DATA EXTRACTS
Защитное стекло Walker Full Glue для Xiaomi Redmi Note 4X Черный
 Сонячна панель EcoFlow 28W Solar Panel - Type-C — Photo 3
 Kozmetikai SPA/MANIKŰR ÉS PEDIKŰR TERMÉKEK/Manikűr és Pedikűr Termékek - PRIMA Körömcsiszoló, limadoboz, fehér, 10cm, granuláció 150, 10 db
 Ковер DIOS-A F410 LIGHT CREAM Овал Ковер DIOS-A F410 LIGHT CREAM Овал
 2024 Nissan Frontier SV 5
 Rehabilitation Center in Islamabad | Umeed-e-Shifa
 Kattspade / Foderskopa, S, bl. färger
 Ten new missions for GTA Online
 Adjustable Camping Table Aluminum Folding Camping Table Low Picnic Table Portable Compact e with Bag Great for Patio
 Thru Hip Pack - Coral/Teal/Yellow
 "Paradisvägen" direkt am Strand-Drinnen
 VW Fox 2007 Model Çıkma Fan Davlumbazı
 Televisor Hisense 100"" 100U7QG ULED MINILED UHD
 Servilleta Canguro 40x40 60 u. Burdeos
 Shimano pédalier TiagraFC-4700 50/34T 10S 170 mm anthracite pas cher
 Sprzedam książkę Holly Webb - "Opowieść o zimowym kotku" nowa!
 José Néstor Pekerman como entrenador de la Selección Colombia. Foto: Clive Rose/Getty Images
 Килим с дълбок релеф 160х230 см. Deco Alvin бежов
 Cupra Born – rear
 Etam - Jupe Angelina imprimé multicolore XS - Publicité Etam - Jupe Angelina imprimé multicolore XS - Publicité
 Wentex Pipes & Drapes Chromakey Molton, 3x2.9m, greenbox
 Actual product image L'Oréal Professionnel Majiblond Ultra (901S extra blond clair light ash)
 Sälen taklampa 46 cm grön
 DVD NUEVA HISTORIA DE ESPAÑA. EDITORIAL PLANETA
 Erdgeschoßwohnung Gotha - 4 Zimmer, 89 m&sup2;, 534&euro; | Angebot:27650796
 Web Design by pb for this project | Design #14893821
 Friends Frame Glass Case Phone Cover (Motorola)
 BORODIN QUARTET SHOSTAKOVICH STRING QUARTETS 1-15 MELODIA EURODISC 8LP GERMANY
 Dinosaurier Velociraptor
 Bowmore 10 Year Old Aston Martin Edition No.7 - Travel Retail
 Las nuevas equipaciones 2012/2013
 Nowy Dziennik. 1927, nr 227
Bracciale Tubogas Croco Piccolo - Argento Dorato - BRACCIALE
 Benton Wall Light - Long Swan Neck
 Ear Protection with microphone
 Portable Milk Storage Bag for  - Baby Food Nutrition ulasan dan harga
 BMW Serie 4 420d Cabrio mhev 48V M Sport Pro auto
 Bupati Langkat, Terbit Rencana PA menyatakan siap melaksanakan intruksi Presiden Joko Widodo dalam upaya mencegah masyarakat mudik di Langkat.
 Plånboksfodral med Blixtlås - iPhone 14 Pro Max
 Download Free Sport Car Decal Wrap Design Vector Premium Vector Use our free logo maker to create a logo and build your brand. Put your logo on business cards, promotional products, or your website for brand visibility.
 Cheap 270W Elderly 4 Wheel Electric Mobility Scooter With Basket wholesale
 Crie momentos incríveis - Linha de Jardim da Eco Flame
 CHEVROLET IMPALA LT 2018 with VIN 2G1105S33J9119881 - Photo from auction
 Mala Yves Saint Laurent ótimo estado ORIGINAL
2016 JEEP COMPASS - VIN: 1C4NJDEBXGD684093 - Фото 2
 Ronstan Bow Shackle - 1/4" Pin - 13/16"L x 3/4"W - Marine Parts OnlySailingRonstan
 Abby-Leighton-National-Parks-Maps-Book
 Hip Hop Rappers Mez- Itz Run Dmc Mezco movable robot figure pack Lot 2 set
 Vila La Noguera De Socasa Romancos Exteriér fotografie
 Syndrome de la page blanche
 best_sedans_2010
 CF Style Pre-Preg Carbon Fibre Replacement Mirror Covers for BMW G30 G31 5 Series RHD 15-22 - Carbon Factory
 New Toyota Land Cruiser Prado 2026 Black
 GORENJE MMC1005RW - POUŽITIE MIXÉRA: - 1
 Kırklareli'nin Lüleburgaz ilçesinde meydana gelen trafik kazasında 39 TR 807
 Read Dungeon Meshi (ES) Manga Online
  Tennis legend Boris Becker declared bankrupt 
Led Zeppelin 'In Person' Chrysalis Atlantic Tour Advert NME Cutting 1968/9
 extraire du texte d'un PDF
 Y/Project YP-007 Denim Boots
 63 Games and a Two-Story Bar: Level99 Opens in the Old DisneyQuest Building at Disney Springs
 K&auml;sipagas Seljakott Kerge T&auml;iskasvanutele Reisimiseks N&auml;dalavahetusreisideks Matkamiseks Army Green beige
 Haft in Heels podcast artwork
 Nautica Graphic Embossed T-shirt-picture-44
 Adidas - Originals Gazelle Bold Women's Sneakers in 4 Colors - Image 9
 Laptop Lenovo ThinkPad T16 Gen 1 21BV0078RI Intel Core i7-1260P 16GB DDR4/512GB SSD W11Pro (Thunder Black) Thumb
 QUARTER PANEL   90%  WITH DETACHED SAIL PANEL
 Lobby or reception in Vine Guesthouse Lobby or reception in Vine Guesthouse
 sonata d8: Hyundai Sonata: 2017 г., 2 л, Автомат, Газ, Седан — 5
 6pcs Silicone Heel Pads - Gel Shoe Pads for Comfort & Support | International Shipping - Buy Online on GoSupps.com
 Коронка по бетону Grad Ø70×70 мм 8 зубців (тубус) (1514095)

TASK STATEMENT
The answer must be an exact transcription of every record above.

SOLVED EXERCISE
Защитное стекло Walker Full Glue для Xiaomi Redmi Note 4X Черный
 Сонячна панель EcoFlow 28W Solar Panel - Type-C — Photo 3
 Kozmetikai SPA/MANIKŰR ÉS PEDIKŰR TERMÉKEK/Manikűr és Pedikűr Termékek - PRIMA Körömcsiszoló, limadoboz, fehér, 10cm, granuláció 150, 10 db
 Ковер DIOS-A F410 LIGHT CREAM Овал Ковер DIOS-A F410 LIGHT CREAM Овал
 2024 Nissan Frontier SV 5
 Rehabilitation Center in Islamabad | Umeed-e-Shifa
 Kattspade / Foderskopa, S, bl. färger
 Ten new missions for GTA Online
 Adjustable Camping Table Aluminum Folding Camping Table Low Picnic Table Portable Compact e with Bag Great for Patio
 Thru Hip Pack - Coral/Teal/Yellow
 "Paradisvägen" direkt am Strand-Drinnen
 VW Fox 2007 Model Çıkma Fan Davlumbazı
 Televisor Hisense 100"" 100U7QG ULED MINILED UHD
 Servilleta Canguro 40x40 60 u. Burdeos
 Shimano pédalier TiagraFC-4700 50/34T 10S 170 mm anthracite pas cher
 Sprzedam książkę Holly Webb - "Opowieść o zimowym kotku" nowa!
 José Néstor Pekerman como entrenador de la Selección Colombia. Foto: Clive Rose/Getty Images
 Килим с дълбок релеф 160х230 см. Deco Alvin бежов
 Cupra Born – rear
 Etam - Jupe Angelina imprimé multicolore XS - Publicité Etam - Jupe Angelina imprimé multicolore XS - Publicité
 Wentex Pipes & Drapes Chromakey Molton, 3x2.9m, greenbox
 Actual product image L'Oréal Professionnel Majiblond Ultra (901S extra blond clair light ash)
 Sälen taklampa 46 cm grön
 DVD NUEVA HISTORIA DE ESPAÑA. EDITORIAL PLANETA
 Erdgeschoßwohnung Gotha - 4 Zimmer, 89 m&sup2;, 534&euro; | Angebot:27650796
 Web Design by pb for this project | Design #14893821
 Friends Frame Glass Case Phone Cover (Motorola)
 BORODIN QUARTET SHOSTAKOVICH STRING QUARTETS 1-15 MELODIA EURODISC 8LP GERMANY
 Dinosaurier Velociraptor
 Bowmore 10 Year Old Aston Martin Edition No.7 - Travel Retail
 Las nuevas equipaciones 2012/2013
 Nowy Dziennik. 1927, nr 227
Bracciale Tubogas Croco Piccolo - Argento Dorato - BRACCIALE
 Benton Wall Light - Long Swan Neck
 Ear Protection with microphone
 Portable Milk Storage Bag for  - Baby Food Nutrition ulasan dan harga
 BMW Serie 4 420d Cabrio mhev 48V M Sport Pro auto
 Bupati Langkat, Terbit Rencana PA menyatakan siap melaksanakan intruksi Presiden Joko Widodo dalam upaya mencegah masyarakat mudik di Langkat.
 Plånboksfodral med Blixtlås - iPhone 14 Pro Max
 Download Free Sport Car Decal Wrap Design Vector Premium Vector Use our free logo maker to create a logo and build your brand. Put your logo on business cards, promotional products, or your website for brand visibility.
 Cheap 270W Elderly 4 Wheel Electric Mobility Scooter With Basket wholesale
 Crie momentos incríveis - Linha de Jardim da Eco Flame
 CHEVROLET IMPALA LT 2018 with VIN 2G1105S33J9119881 - Photo from auction
 Mala Yves Saint Laurent ótimo estado ORIGINAL
2016 JEEP COMPASS - VIN: 1C4NJDEBXGD684093 - Фото 2
 Ronstan Bow Shackle - 1/4" Pin - 13/16"L x 3/4"W - Marine Parts OnlySailingRonstan
 Abby-Leighton-National-Parks-Maps-Book
 Hip Hop Rappers Mez- Itz Run Dmc Mezco movable robot figure pack Lot 2 set
 Vila La Noguera De Socasa Romancos Exteriér fotografie
 Syndrome de la page blanche
 best_sedans_2010
 CF Style Pre-Preg Carbon Fibre Replacement Mirror Covers for BMW G30 G31 5 Series RHD 15-22 - Carbon Factory
 New Toyota Land Cruiser Prado 2026 Black
 GORENJE MMC1005RW - POUŽITIE MIXÉRA: - 1
 Kırklareli'nin Lüleburgaz ilçesinde meydana gelen trafik kazasında 39 TR 807
 Read Dungeon Meshi (ES) Manga Online
  Tennis legend Boris Becker declared bankrupt 
Led Zeppelin 'In Person' Chrysalis Atlantic Tour Advert NME Cutting 1968/9
 extraire du texte d'un PDF
 Y/Project YP-007 Denim Boots
 63 Games and a Two-Story Bar: Level99 Opens in the Old DisneyQuest Building at Disney Springs
 K&auml;sipagas Seljakott Kerge T&auml;iskasvanutele Reisimiseks N&auml;dalavahetusreisideks Matkamiseks Army Green beige
 Haft in Heels podcast artwork
 Nautica Graphic Embossed T-shirt-picture-44
 Adidas - Originals Gazelle Bold Women's Sneakers in 4 Colors - Image 9
 Laptop Lenovo ThinkPad T16 Gen 1 21BV0078RI Intel Core i7-1260P 16GB DDR4/512GB SSD W11Pro (Thunder Black) Thumb
 QUARTER PANEL   90%  WITH DETACHED SAIL PANEL
 Lobby or reception in Vine Guesthouse Lobby or reception in Vine Guesthouse
 sonata d8: Hyundai Sonata: 2017 г., 2 л, Автомат, Газ, Седан — 5
 6pcs Silicone Heel Pads - Gel Shoe Pads for Comfort & Support | International Shipping - Buy Online on GoSupps.com
 Коронка по бетону Grad Ø70×70 мм 8 зубців (тубус) (1514095)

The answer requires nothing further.